Worst Night Ever: Mormons! On a Boat!

Posted by Erik Henriksen on Tue, Jul 16, 2013 at 9:44 AM

WORST. NIGHT. EVER. It was exactly like this.
  • WORST. NIGHT. EVER. It was exactly like this.

For Blogtown’s continuing Worst. Night. Ever. series, you, the readers of Blogtown, sent me to the the Church of Jesus Christ of Latter-day Saints' 22nd Annual Portland Regional Single Adult Conference—specifically, the “mixer” part of said conference, which took place during a two-hour cruise on the H.M.S. Portland Spirit, a stalwart and seaworthy (or at least riverworthy) vessel. Why did you do this? I have my suspicions, but we’ll get to those later.

PART I. Some Things You Might Not Have Known About Me

1. As Marjorie mentioned in her post, I grew up in Salt Lake City, Utah. JEALOUS?

2. No, I’m not Mormon. Both of my parents were raised in the church; both of them left it long before having me and my sister. They raised me and my sister agnostic—which, for me at least, basically worked out as an atheism starter kit. At this point, the closest thing I have to a spiritual icon is Carl Sagan.

3. I’ve got plenty of stories that people outside of Utah usually find entertaining; most of them involve what it was like to be one of the very, very few non-Mormon kids in my elementary school, and my middle school, and my high school. There are others that detail my grandmother realizing Joseph Smith could have very well just made up the Book of Mormon—she had this realization while reading The Lord of the Rings and realizing Tolkien had just made up Middle-earth—and what it was like to have my ninth-grade girlfriend glance nervously at her CTR ring whenever things started to get even close to awesome. Also, fun high school drinking stories! (Mormon kids can drink.) Anyway, buy me a beer sometime, I’ll tell you all about it.

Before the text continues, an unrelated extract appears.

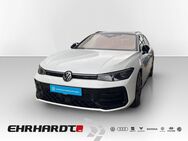 VW Passat, 1.5 eHybrid R-Line Signature IQ PARKL °, Jahr 2024 - Hildburghausen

4. Considering I didn’t go to church services or anything growing up, I guess it’s not surprising that I managed to never learn much about the church’s tenets until after I went away to college. Growing up, I knew Mormons had a lot of babies, but didn’t know why (THEY ARE TASKED BY GOD TO BRING DOWN SOULS FROM HEAVEN!); I knew my buddy Chad had a poster that showed Jesus in outer space, but I figured that was beause Chad knew everything was cooler in outer space (not because GOD LIVES ON ANOTHER PLANET); I knew that when when our scout troop ran our scoutmaster’s garments up a flagpole on a camping trip, it was funny because hey, look, underwear on a flagpole (only realizing years later that they HIS MAGIC UNDERWEAR THAT PROTECTED HIM FROM EVIL). Likewise, it wasn’t until much, much later—when I read stuff like Under the Banner of Heaven and The Executioner’s Song—that I realized how critically and suspiciously Utah is viewed by those outside its borders: as a desert haven for weirdos.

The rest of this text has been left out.